Pictures with short captions:
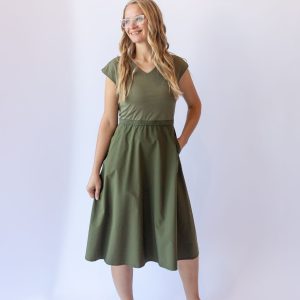 Kaitlyn Cap Sleeve Dress -Green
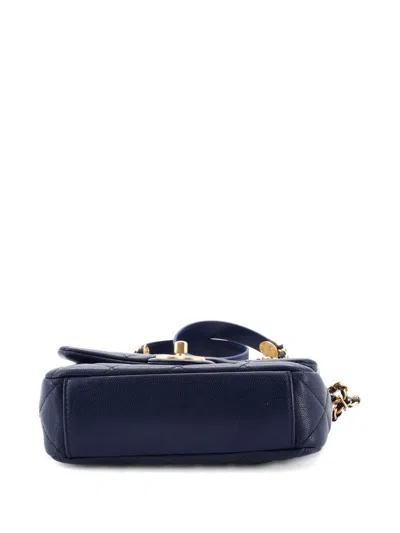 Pre-owned Chanel Twist Your Buttons Flap Bag Quilted Caviar Small Crossbody Bag In Blue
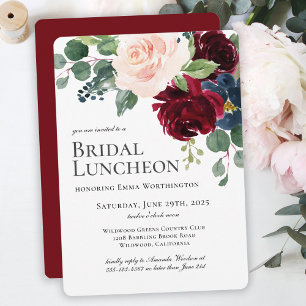 Invitation Déjeuner de mariage floral Bourgogne et Navy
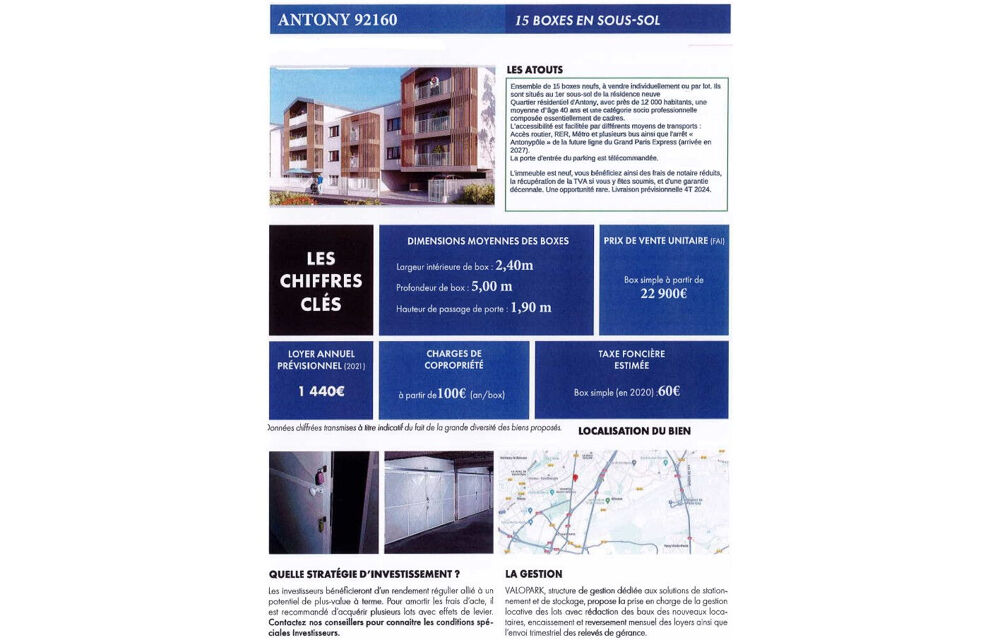 Vente Parking/Garage ANTONY - BOX neufs à vendre Antony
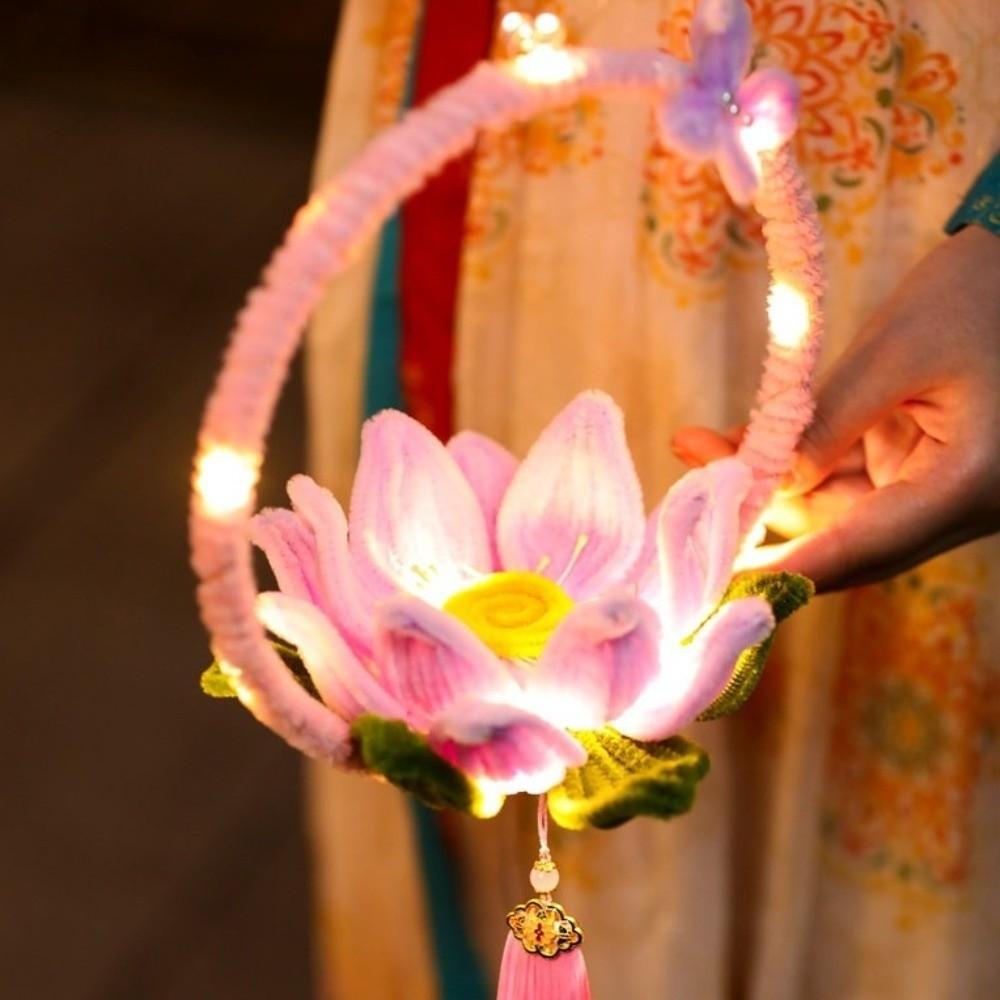 3D Twisted Stick Lotus Flower Lantern Luminous Handheld Lantern  Traditional Decor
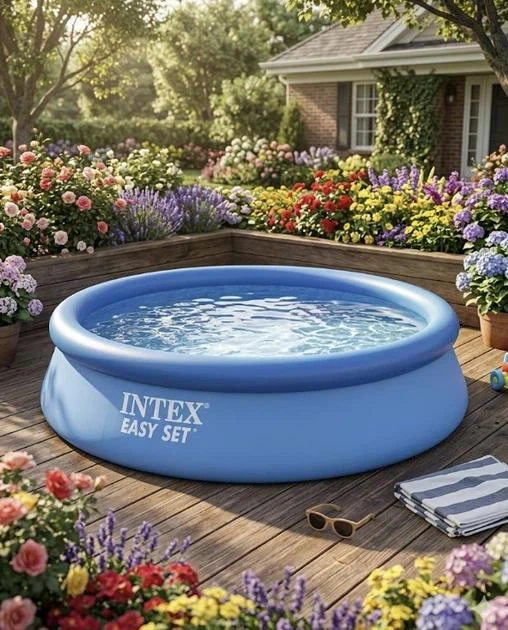 Надувной бассейн MaxPro Intex 28143-11в1 синий из ПВХ круглый на 7290 л с подстилкой ручным насосом стремянкой фильтром 3785 л/ч картриджами альгениксом хлором в таблетках тентом сачком и пылесосом 396 х 84 см (9-163-28143-11 MaxPro) - изображение 5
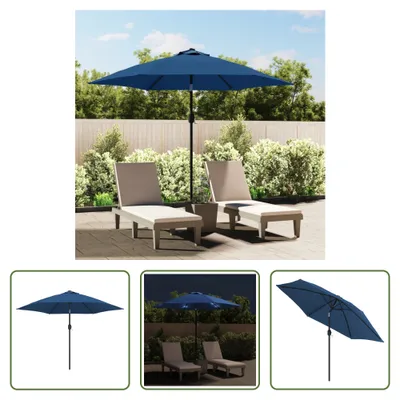 Zdjęcie produktu dla The Living Store Parasol z oświetleniem LED i stalowym słupkiem 300 cm lazurowy niebieski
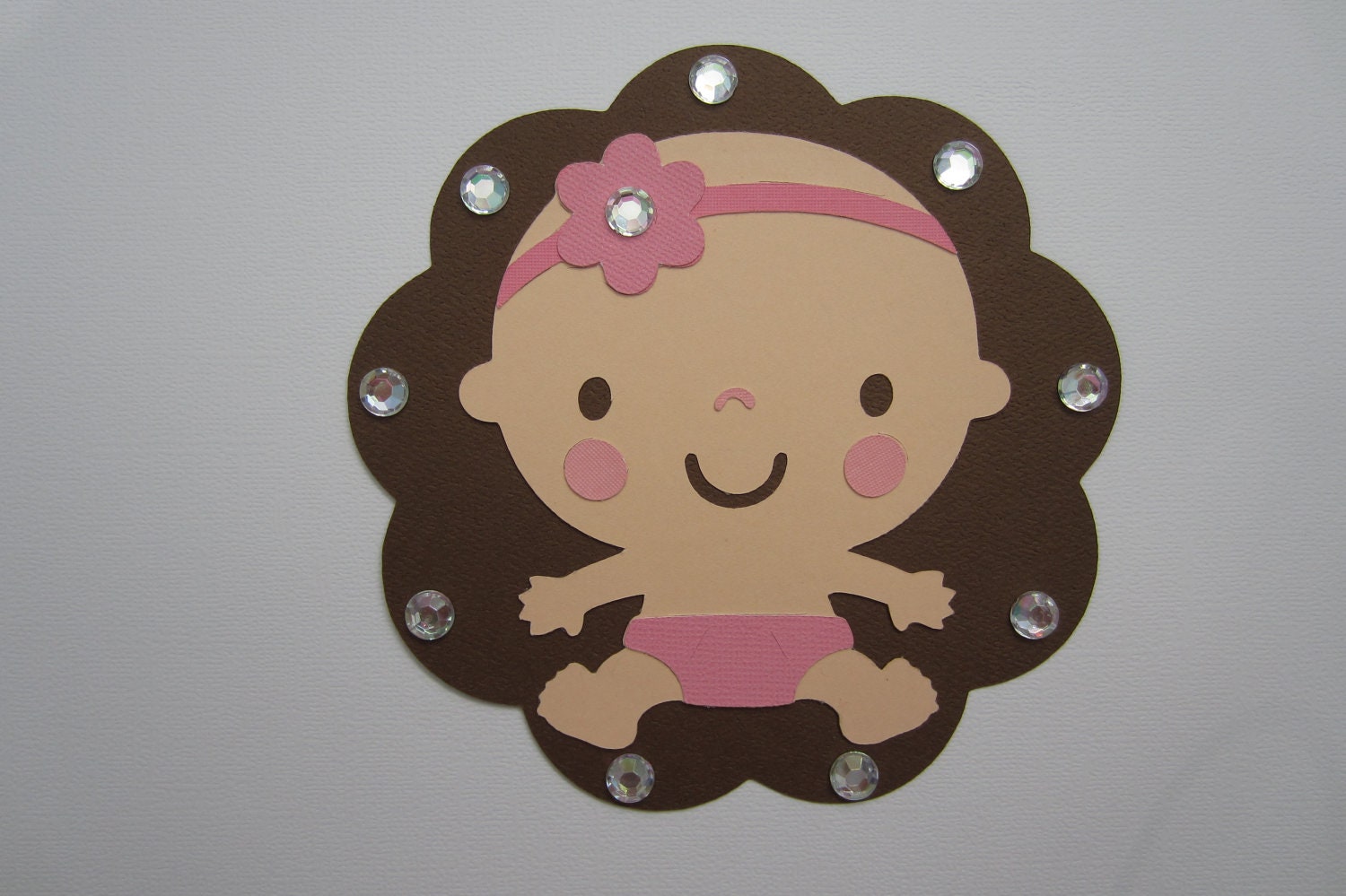 Baby Shower - Scalloped Circle Decoration - Baby Girl in Diapers - Any color combination Il_170x135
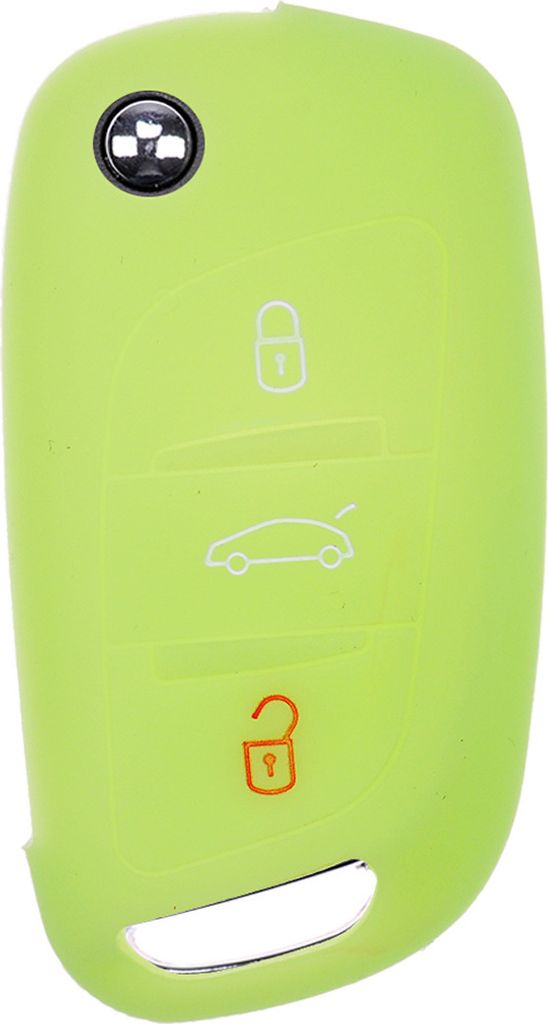 Auto Schlüssel Hülle Silikon Schutz Cover Fluoreszierend Grün kompatibel mit Citroen Berlingo C4 DS3 DS4 DS5 DS6 3 Tasten Klappschlüssel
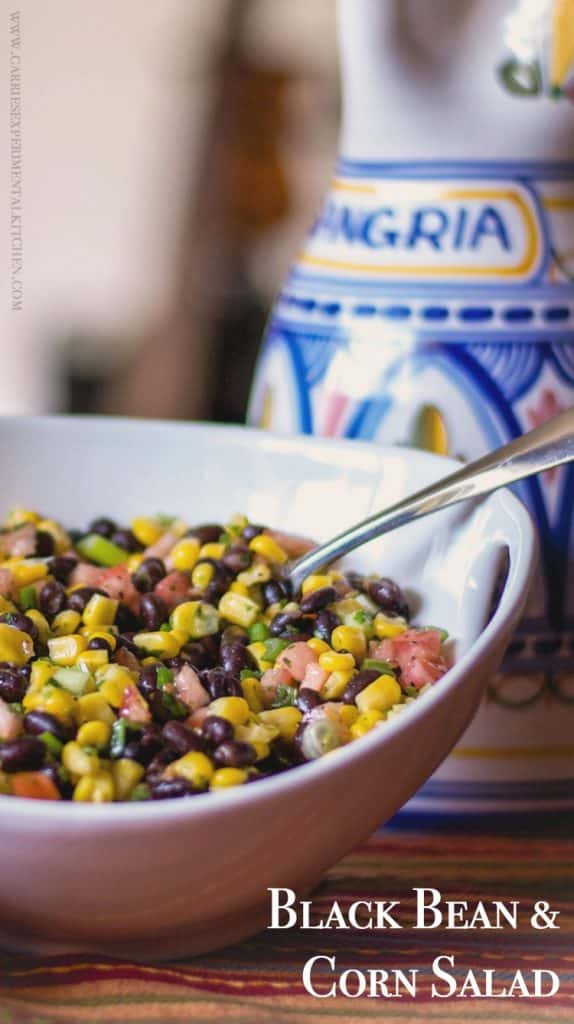 This Black Bean & Corn Salad made with fresh Jersey corn, tomatoes, lime juice and cilantro makes the perfect side salad for your picnic.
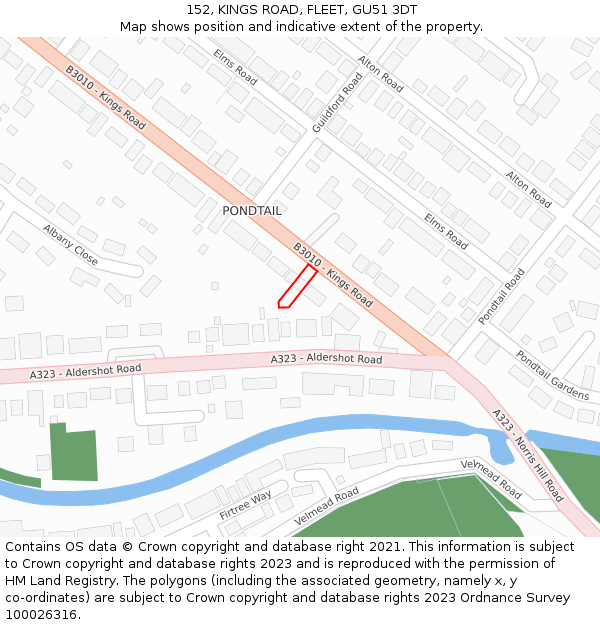 152, KINGS ROAD, FLEET, GU51 3DT: Location map and indicative extent of plot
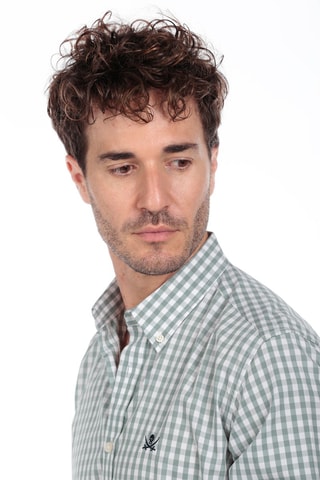 Camisa - Verde-claro e branco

EXERCISE GOAL: In the entries above, find the line that contains "Zdjęcie produktu dla" and the line that contains "Baby Shower - Scalloped". Reproduce exactly those two lines and every line between them, but not the pictures.

TASK RESPONSE:
 Zdjęcie produktu dla The Living Store Parasol z oświetleniem LED i stalowym słupkiem 300 cm lazurowy niebieski
 Baby Shower - Scalloped Circle Decoration - Baby Girl in Diapers - Any color combination Il_170x135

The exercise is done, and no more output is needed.